Bob Maxwell of Marion was at the meeting to argue against expansion.

“To me this particular application should be dead in the water, because they have that much land mass in the Flint Hills area,” Maxwell said, adding that “Windborne Energy proposes to encroach into the Tallgrass Heartland area by about 2,500 acres.”

Maxwell then addressed Savage directly.

“You’ve encroached on it with your layout on it, and something’s got to give,” Maxwell said. “This board needs to review that and find out.”

“Their (Brownback’s) layout encroached on my land, without my permission, or any of these other landowners’ permission,” Savage replied. “They have no ownership. The people who made that agreement to set the land aside own how many acres of this land?”

Several people, including Savage, spoke about the extensive evaluation the planning commission did when the overlay area allowing wind farms was first established. Planning and zoning consultant David Yearout said the county’s original plan should take precedence over the voluntary set-aside.

“To me it’s an issue that I believe Marion County regulations are in a superior position from the standpoint they were established first,” Yearout said. “There’s been no request or directive or demand from the state level down to the county to modify that territory. The state’s got nothing involved with what’s going on there.”

Savage said the expansion is based on new data about wind flow that has caused Windbourne to reconfigure a proposed layout to achieve optimal generating capacity. The size of the turbines has increased, the number of them has decreased from 112 to 84, but the spacing needed to accommodate them is greater.

“With better modeling and better wind data the developers are discovering there is more downstream wake effect than they originally anticipated,” Savage said. “They’re better off to get those turbines spread out and running at optimal efficiency than they are if they pack them in close together.”

Savage told commissioners that the wind farm has to be operational by Dec. 31, 2015, so this conditional use permit application should be the last one.

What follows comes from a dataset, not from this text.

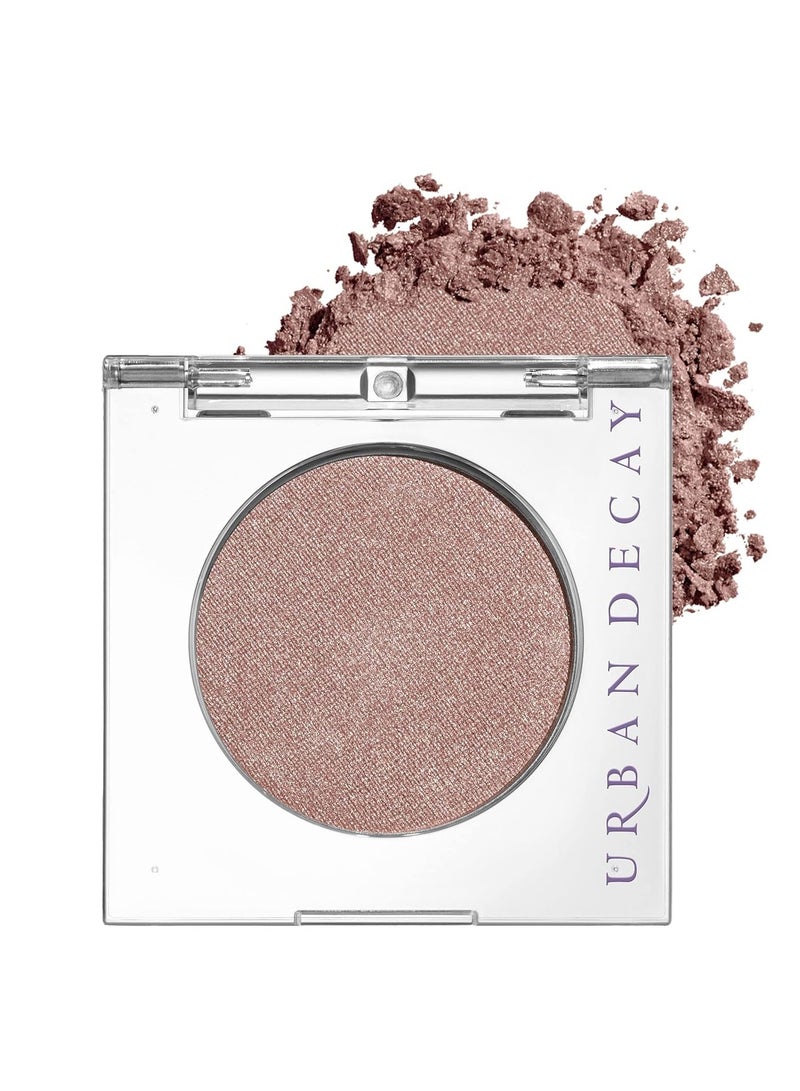 Urban Decay 24/7 Longwear Eyeshadow Single, High-Pigment Eye Shadow Compact, Smooth & Blendable Colors, Crease-free, Matte Satin Shimmer & Metallic Finishes, Cruelty-free, Vegan - 0.06 oz Sin (champagne shimmer)  - Image 1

“If we’re able to utilize this the way we want to utilize it we won’t be back again,” Savage said. “That would be my intention.”

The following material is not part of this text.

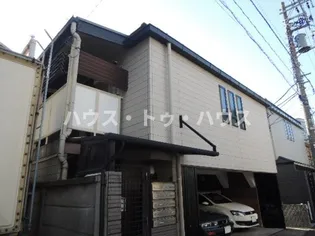 白稜ハイム【2階】の外観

Questions about the business aspects of the wind farm raised in prior meetings came to the fore again, but Yearout put them in context for the planning commission prior to their vote.

“All these discussions about costs of operation, liability of investors, has no bearing at all on a land use decision,” Yearout said. “It’s a pure question of whether or not, in the opinion of this board, it makes sense to allow the expansion of that land use activity into this area.”

The commissioners voted to approve a conditional use permit for the wind farm expansion. The county commission will consider the proposal at its Nov. 10 meeting.